33:20 That's pretty cool.

33:21 So when say my Python, suppose I have a pure Python package on PyPI and I want to have it in there.

33:27 Does it get somehow compiled to WebAssembly?

33:31 Does WebAssembly itself just like become an interpreter and just use Python bytecode?

33:36 Like what do you know what the process there is?

33:38 Yeah.

33:39 So PyDyde is literally running the Python interpreter inside your browser.

33:44 So if you have a pure Python package, it's actually just shipping Python to that interpreter running in the browser.

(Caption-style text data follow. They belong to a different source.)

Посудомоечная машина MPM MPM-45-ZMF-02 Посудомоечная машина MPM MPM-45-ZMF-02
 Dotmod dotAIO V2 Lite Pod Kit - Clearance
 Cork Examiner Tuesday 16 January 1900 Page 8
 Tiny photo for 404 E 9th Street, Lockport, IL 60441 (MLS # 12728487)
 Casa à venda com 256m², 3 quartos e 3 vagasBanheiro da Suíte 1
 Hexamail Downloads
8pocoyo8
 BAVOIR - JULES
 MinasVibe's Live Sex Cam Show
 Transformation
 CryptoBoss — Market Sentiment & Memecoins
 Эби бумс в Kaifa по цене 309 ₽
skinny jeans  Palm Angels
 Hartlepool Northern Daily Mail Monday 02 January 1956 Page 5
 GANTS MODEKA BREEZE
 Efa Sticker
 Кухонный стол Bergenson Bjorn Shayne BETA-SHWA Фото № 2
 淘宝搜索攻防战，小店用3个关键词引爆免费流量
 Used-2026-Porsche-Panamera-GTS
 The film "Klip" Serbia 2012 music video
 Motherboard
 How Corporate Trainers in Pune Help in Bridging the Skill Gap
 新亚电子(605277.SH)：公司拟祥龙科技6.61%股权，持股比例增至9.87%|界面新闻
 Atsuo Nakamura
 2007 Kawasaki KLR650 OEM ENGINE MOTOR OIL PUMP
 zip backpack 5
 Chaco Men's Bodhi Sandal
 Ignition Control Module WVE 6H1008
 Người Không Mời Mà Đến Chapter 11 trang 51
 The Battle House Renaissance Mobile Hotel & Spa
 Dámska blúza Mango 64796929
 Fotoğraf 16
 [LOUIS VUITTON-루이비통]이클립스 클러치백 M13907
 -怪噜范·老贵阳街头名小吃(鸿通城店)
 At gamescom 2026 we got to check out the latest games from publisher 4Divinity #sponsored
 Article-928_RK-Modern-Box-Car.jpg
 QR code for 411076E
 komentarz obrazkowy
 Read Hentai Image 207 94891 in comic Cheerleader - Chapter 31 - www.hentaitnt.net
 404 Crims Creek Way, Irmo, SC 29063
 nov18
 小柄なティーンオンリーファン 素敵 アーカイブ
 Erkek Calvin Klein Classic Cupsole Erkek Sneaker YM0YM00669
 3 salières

33:51 And that's how it runs.

33:52 So it basically just works off PYC bytecode.

33:55 Exactly.

33:56 And just feeds it off to the interpreter just happens to be executing not on C but in WebAssembly.

34:00 Exactly.

34:01 That was my first guess.

34:03 But I thought maybe there's some other magic like, oh, we had to add a JIT compiler to this or, you know, some weird thing.

34:08 No.

34:09 And so for that reason, what you're getting is something that performs pretty similar to CPython, right?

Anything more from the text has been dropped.